Sur les contrats de construction et maintenance, ce sont les grands groupes de BTP qui raflent les contrats. (...)

l’administration pénitentiaire n’a réalisé aucune évaluation comparative des coûts et de la qualité de la gestion depuis le début de la privatisation. Une absence d’évaluation que la Cour des comptes elle-même a regretté (...)

Seuls deux rapports de la Cour des comptes (2006 et 2011) et un rapport de l’Inspection générale des finances (2009) tirent des conclusions. « À chaque fois, elles n’étaient pas vraiment en faveur du privé, parce que cela coûte cher sans véritable valeur ajoutée », indique Marie Crétenot.
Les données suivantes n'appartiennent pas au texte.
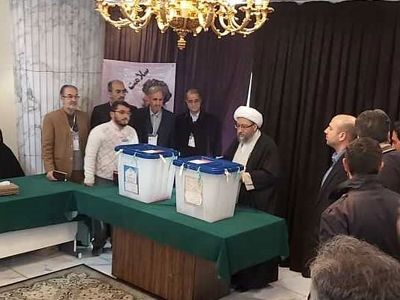 آیت‌الله آملی‌لاریجانی رای خود را به صندوق انداخت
Pourtant, ce système de délégations à des entreprises privées est maintenu.
Des pénalités en cas de non-respect du contrat

Les entreprises chargées de la gestion des prisons sont tout de même soumises à un système de pénalités si elles ne respectent pas les termes du contrat. (...)
Mais le contrôle est bien plus souvent quantitatif que qualitatif. L’administration cherche ainsi à savoir si les prestataires ont dispensé un nombre d’heures de formation, plus qu’à en évaluer l’utilité. Cependant, sur la formation professionnelle, gestion publique ne rime pas forcément avec respect des normes. (...)

En Allemagne, où des prisons en gestion privée partielle existent depuis les années 2000, les autorités sont déjà revenues sur ce choix pour l’un des quatre établissements pénitentiaires concernés. En 2011, la nouvelle majorité politique verte et social-démocrate, arrivée au pouvoir dans l’État-région de Bade-Wurtemberg, a décidé de mettre fin au contrat de délégation conclu quelques années plus tôt pour sa prison d’Offenburg. Et de reprendre l’établissement en gestion publique totale.
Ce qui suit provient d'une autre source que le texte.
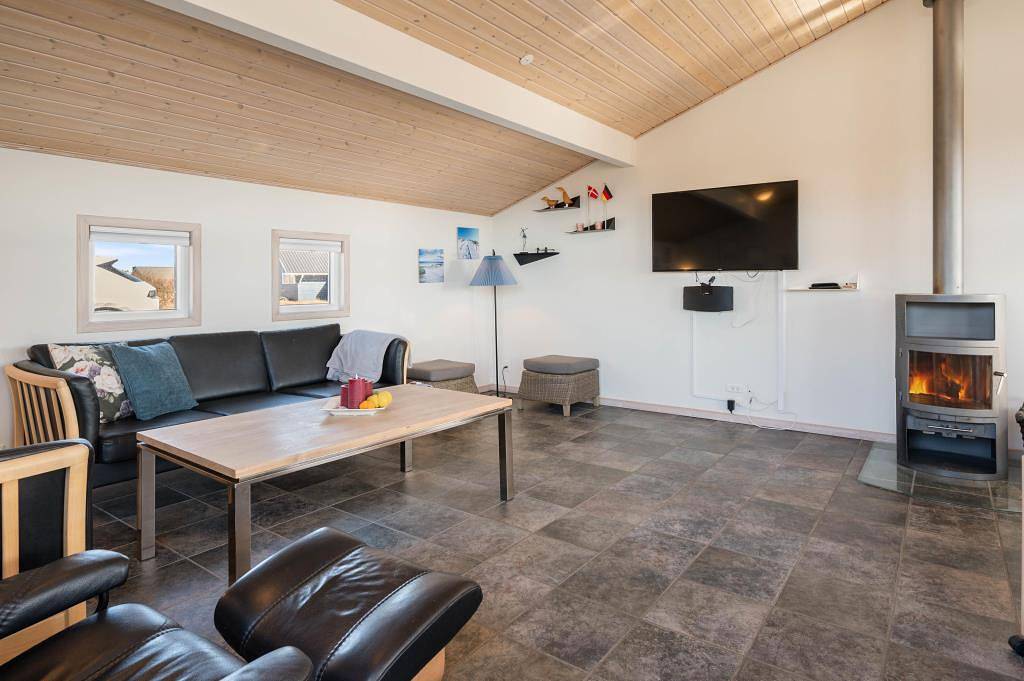 Helles Ferienhaus mit Wintergarten, Sauna und Whirlpool in Hvide Sande, Holmsland Klit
Le gouvernement français pourrait-il faire de même s’il le souhaitait ? « On peut renégocier la délégation, mais en payant des pénalités » (...)

Pendant ses quatre ans au ministère de la Justice, Christiane Taubira n’a pas remis en cause le mouvement en cours de privatisation pénitentiaire. Au grand bonheur des entreprises bénéficiaires.